## What needs to be done:
Please write out every record exactly, but keep any images out of it.

[Brief descriptive captions]

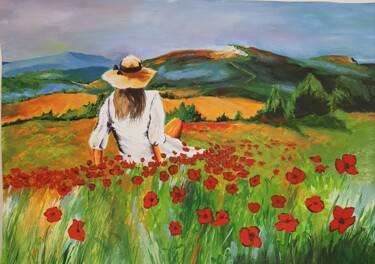 "Mountain Flowers" başlıklı Tablo Z S tarafından, Orijinal sanat, Guaş boya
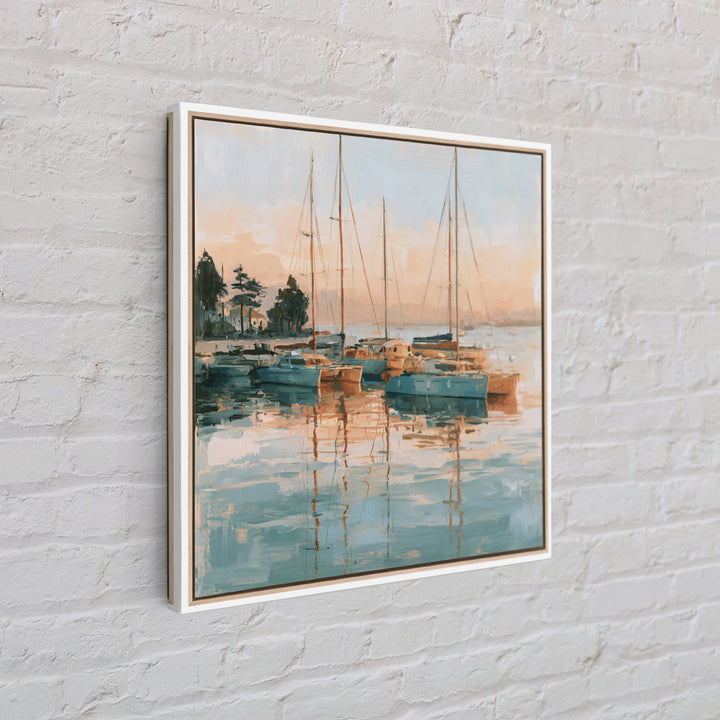 Mediterranean Harbor at Dawn Framed Canvas Print, Seascape Art, Living Room Wall Art, Coastal Decor, Fine Art, Seascape, SEA-1x1-70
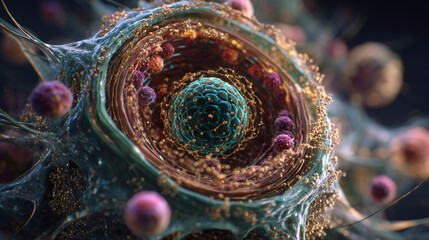 Microscopic Cell Structure Detailed 3D Render Artistic Visualization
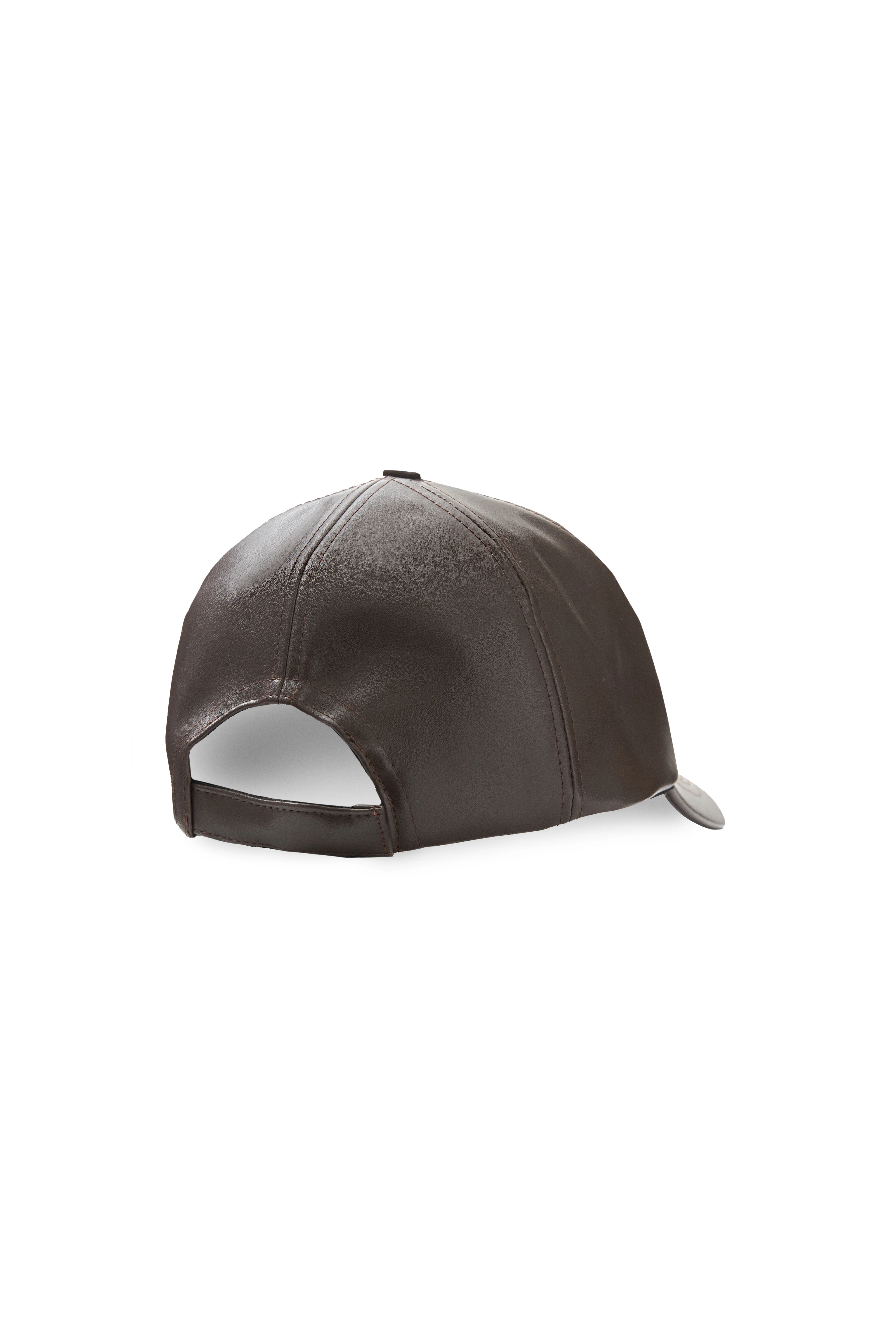 DAMIAN Kahve Baseball Cap Suni Deri - Unisex Şapka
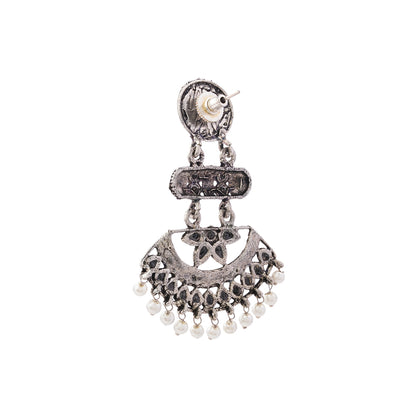 Pearl Cacade stone studded dangler earrings (Black)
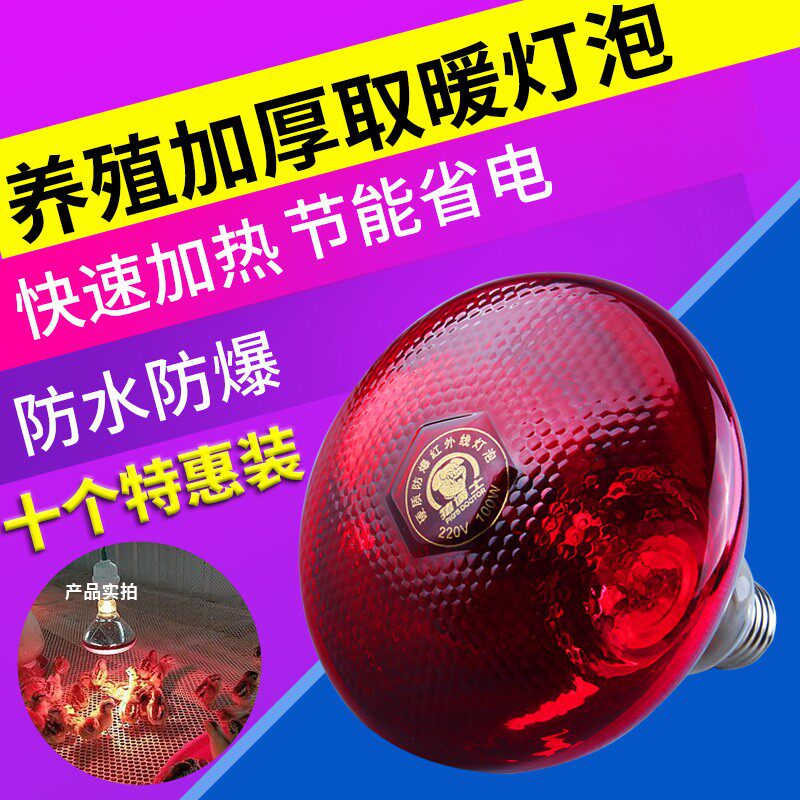 仔猪取暖灯泡兽用保温灯小鸡育雏加热灯防爆节能养殖场专用取暖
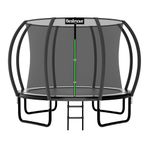 Bestmate 10FT Outdoor Trampoline for Kids Adults, ASTM Approved Backyard Large Trampolines with Safety Net and Ladder(Black)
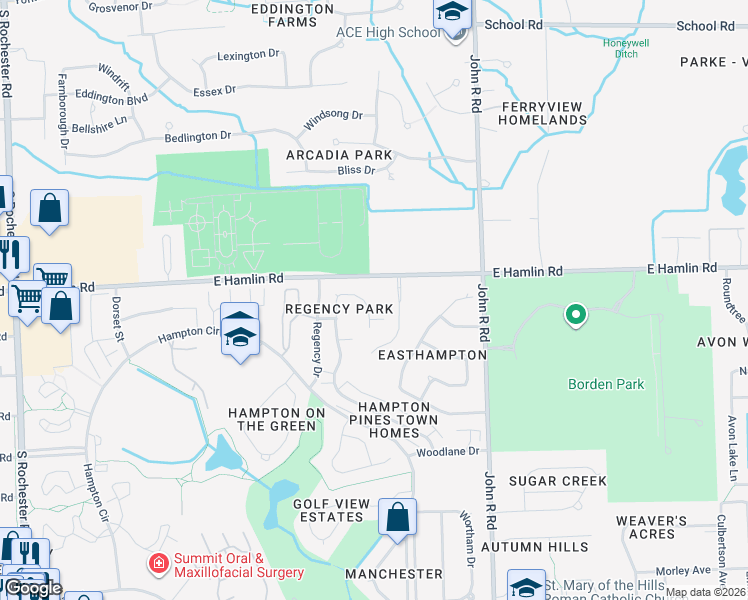 map of restaurants, bars, coffee shops, grocery stores, and more near 2008 Somerville Road in Rochester Hills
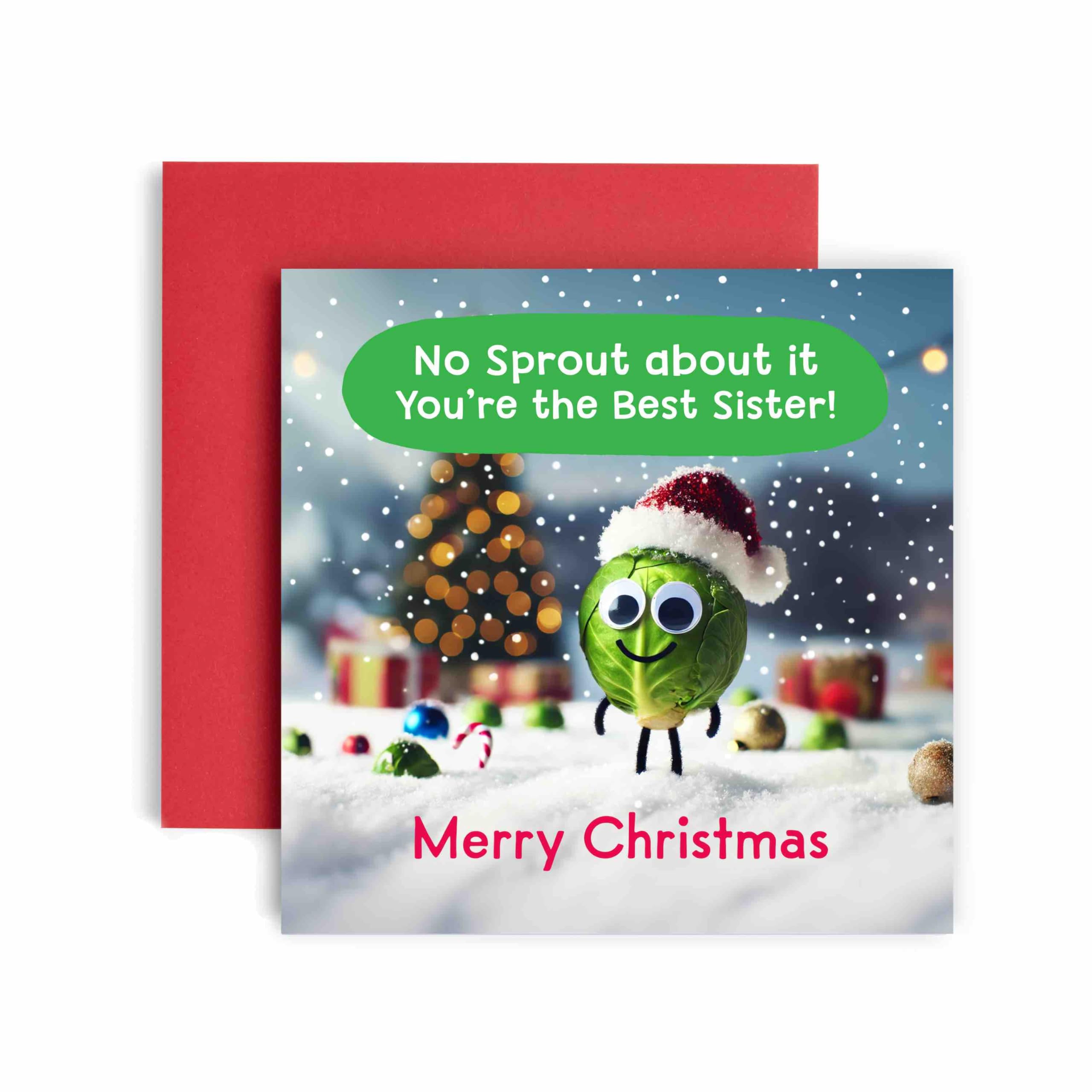 Huxters Christmas Cards for Women – Sprout Christmas Sister Happy Christmas Card for Christmas Holiday – Sister Christmas Card with Lovely – Funny Christmas Card (Sister)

## Response area:
 "Mountain Flowers" başlıklı Tablo Z S tarafından, Orijinal sanat, Guaş boya
 Mediterranean Harbor at Dawn Framed Canvas Print, Seascape Art, Living Room Wall Art, Coastal Decor, Fine Art, Seascape, SEA-1x1-70
 Microscopic Cell Structure Detailed 3D Render Artistic Visualization
 DAMIAN Kahve Baseball Cap Suni Deri - Unisex Şapka
 Pearl Cacade stone studded dangler earrings (Black)
 仔猪取暖灯泡兽用保温灯小鸡育雏加热灯防爆节能养殖场专用取暖
 Bestmate 10FT Outdoor Trampoline for Kids Adults, ASTM Approved Backyard Large Trampolines with Safety Net and Ladder(Black)
 map of restaurants, bars, coffee shops, grocery stores, and more near 2008 Somerville Road in Rochester Hills
 Huxters Christmas Cards for Women – Sprout Christmas Sister Happy Christmas Card for Christmas Holiday – Sister Christmas Card with Lovely – Funny Christmas Card (Sister)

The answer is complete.